Menjengang Lebaran kemarin, dunia perbiskuitan kita terguncang dengan munculnya salah satu varian produk biskuit dengan harga selangit. Biskuit Oreo yang bekerja sama dengan salah satu produk fashion asal negeri Paman Sam, Supreme, mengelurakan Produk Oreo seharga Rp 500 ribu untuk sebungkus yang berisi tiga keping biskuit! Bahkan, yang lebih gila, sebagaimana dilansir Kompas, satu bungkus Oreo Supreme sempat dibandrol hingga 18.000 dollar AS atau setara Rp 269 juta di situs jual beli online ebay! Edan kan!?

Sebenarnya tidak ada faktor tangible yang layak membuat Oreo ini berharga sebegitu mahalnya. Dari segi packaging, ataupun rasa, sebagaimana review yang dilakukan oleh beberapa youtuber, misalnya, Oreo Superme ini tidak begitu berbeda dengan Oreo jenis lainnya. Bedanya hanya tulisan Supreme dan warna merah mencolok dari produk ini, yang sebenarnya tidak spesial-spesial amat. Namun, di tengah ketidakspesialan tersebut, Oreo ini tetap saja laku di pasaran! Mengapa?

Advertisements

Hal ini melemparkan ingatan saya pada kuliah Teori Sastra beberapa waktu lalu. Dalam kuliah tersebut, terminologi “Mengonsumsi Konotasi” muncul. Ungkapan ini digunakan untuk menjelaskan bagaimana manusia modern sering kali terjebak dalam paradigma konotasi, dengan memaksakan sesuatu pada diri mereka agar seolah-olah menjadi bagian dari sesuatu yang diada-adakan tersebut. Hehe, Mbulet?
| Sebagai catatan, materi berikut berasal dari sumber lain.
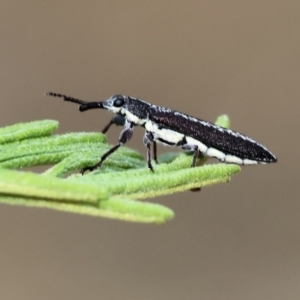 Rhinotia sp. (genus) at WREN Reserves - 3 Dec 2023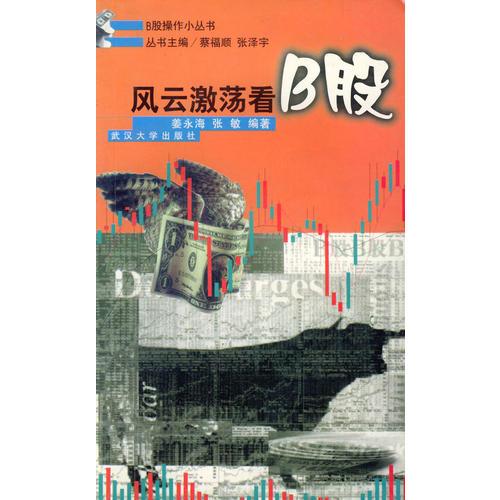 風(fēng)云激蕩看B股/B股操作小叢書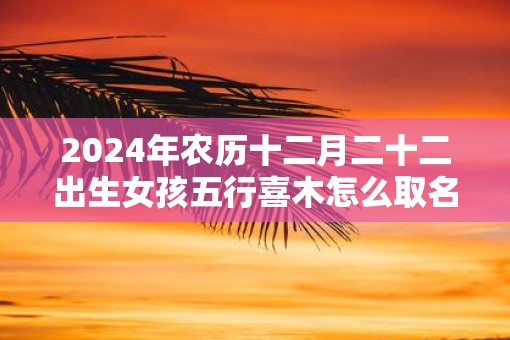 2025年农历十二月二十二出生女孩五行喜木怎么取名字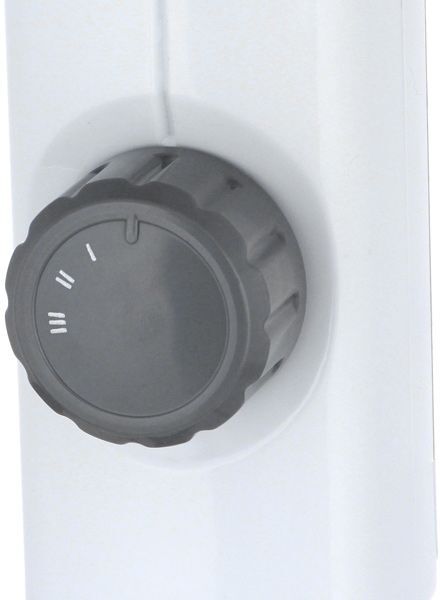 Вентилятор Electrolux EFF-1003D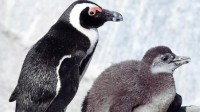 非洲企鹅被曝濒临灭绝：因人类航运的噪音污染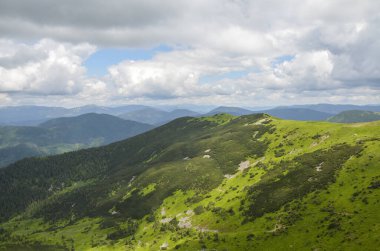 Dağ yamacının rengarenk manzarası. Ukrayna 'nın güzel Karpat dağlarına bakan çok renkli otlar.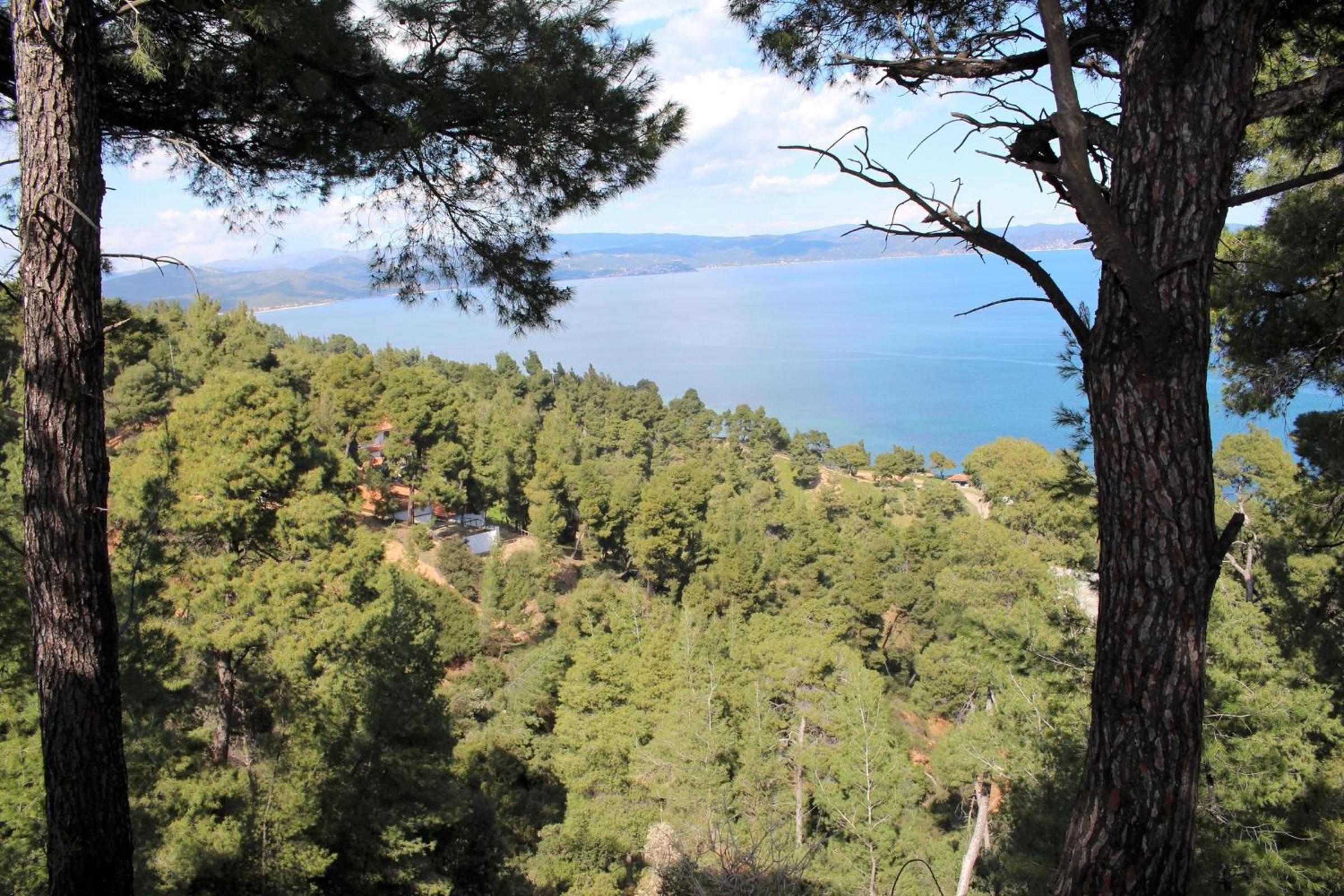 Erika View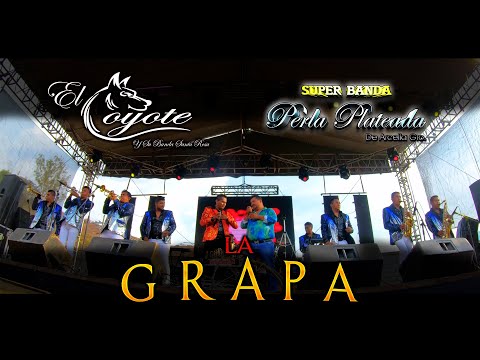 LA GRAPA Perla Plateada x El Coyote Y Su Banda Santa Rosa En Vivo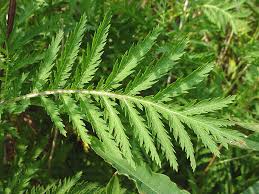 Attēlu rezultāti vaicājumam “Tanacetum vulgare”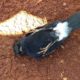 Funny Animals  - Animal Rescue Seychelles magpie robin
Baik agar lebih gampang, sebelum mengupas tentang “Mengonsumsi Konotasi”, mari kita pahami dulu apa itu konotasi. Konotasi lahir dari rahim semiotika. Singkatnya, ada dua cara untuk memaknai sesuatu, yaitu pemaknaan denotasi dan pemaknaan konotasi. Denotasi merupakan pemaknaan “lugu” yang mengacu pada deskripsi literal atau kamus. Pemaknaan ini juga didasarkan pada tangkapan panca indera. Contohnya, kata “merah”.